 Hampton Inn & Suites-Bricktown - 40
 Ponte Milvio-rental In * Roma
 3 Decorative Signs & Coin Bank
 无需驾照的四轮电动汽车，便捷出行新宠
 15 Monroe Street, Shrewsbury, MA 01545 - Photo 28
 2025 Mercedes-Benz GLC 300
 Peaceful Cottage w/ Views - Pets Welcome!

──────────────────────────────

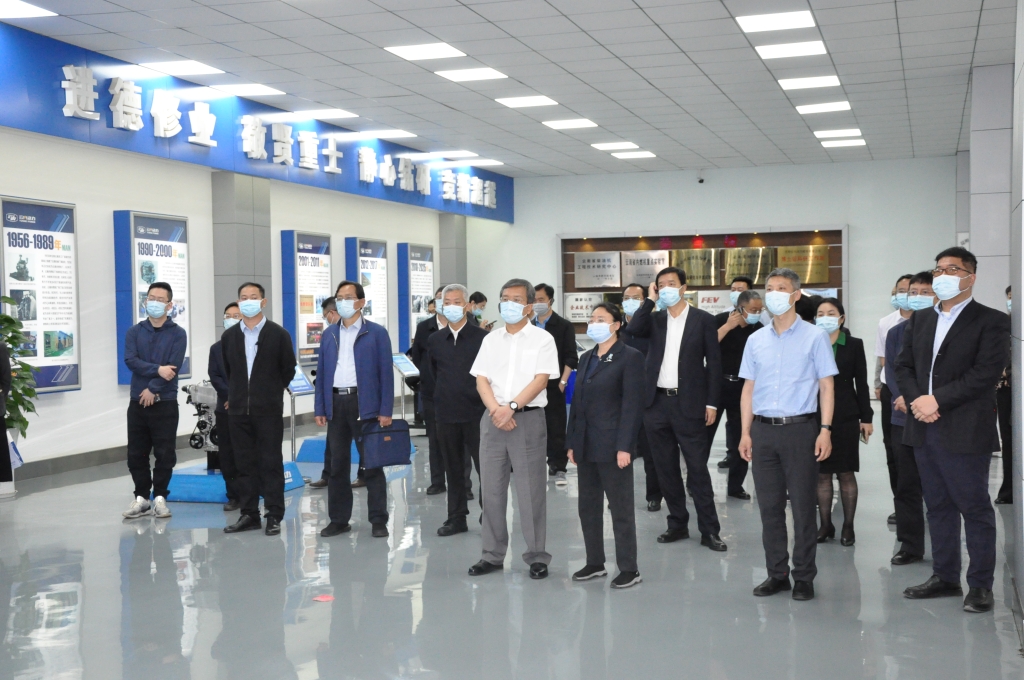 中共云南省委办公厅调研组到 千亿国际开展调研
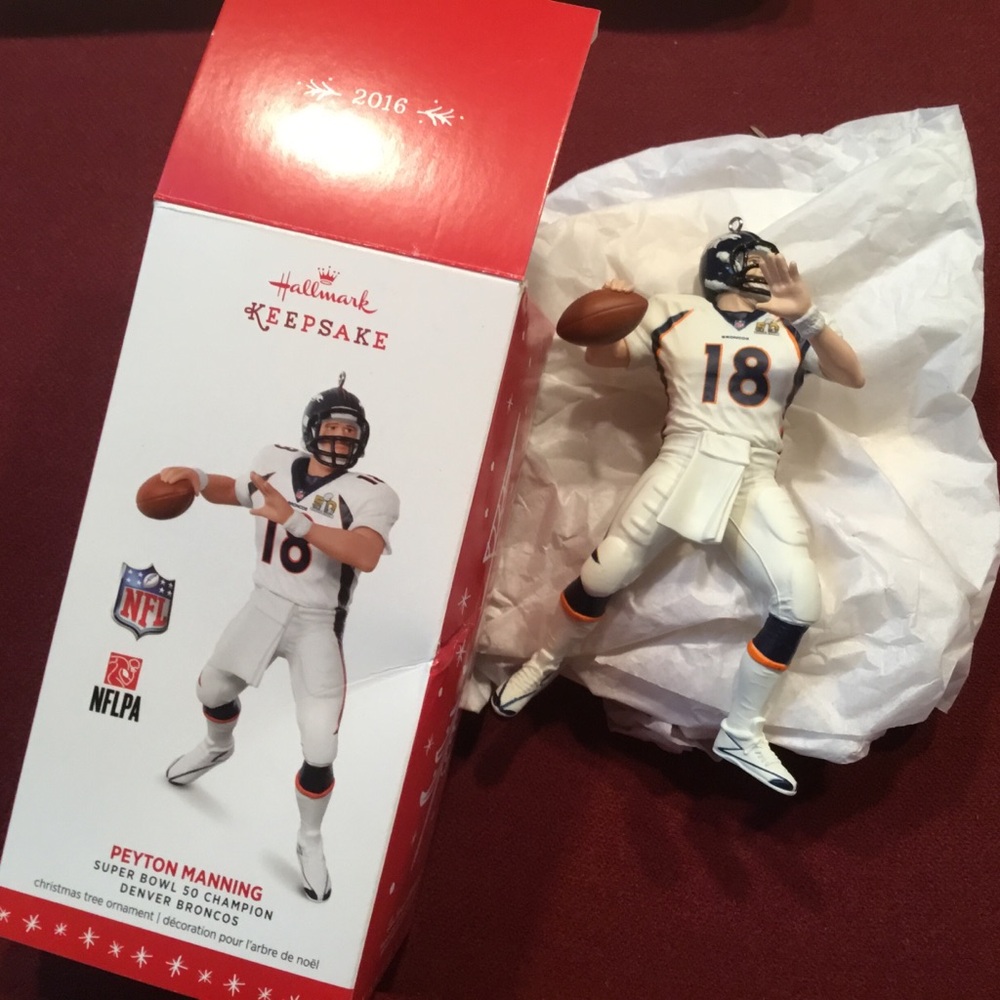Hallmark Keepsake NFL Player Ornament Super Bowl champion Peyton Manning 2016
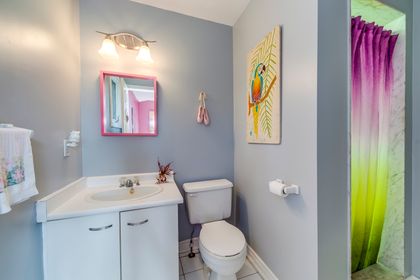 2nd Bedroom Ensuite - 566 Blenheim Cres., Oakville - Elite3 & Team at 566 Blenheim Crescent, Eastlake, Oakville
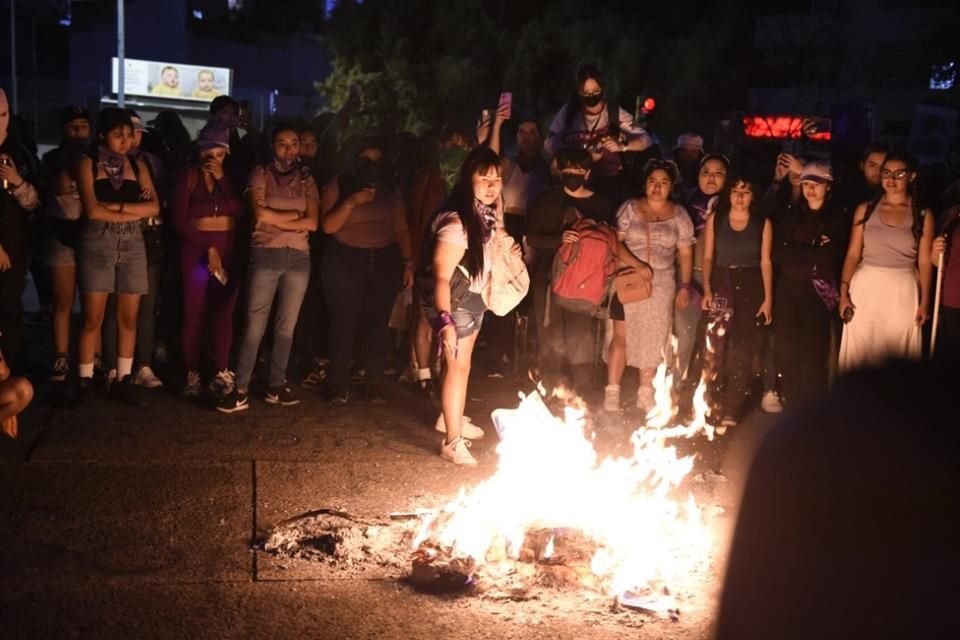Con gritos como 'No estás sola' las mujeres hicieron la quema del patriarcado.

──────────────────────────────

▸ What is needed:
Reproduce exactly, and only, the part of the listing above that begins at the line with "15 Monroe Street, Shrewsbury, MA" and goes on through the line with "Peaceful Cottage w/ Views - Pets Welcome!".

▸ Exercise output:
 15 Monroe Street, Shrewsbury, MA 01545 - Photo 28
 2025 Mercedes-Benz GLC 300
 Peaceful Cottage w/ Views - Pets Welcome!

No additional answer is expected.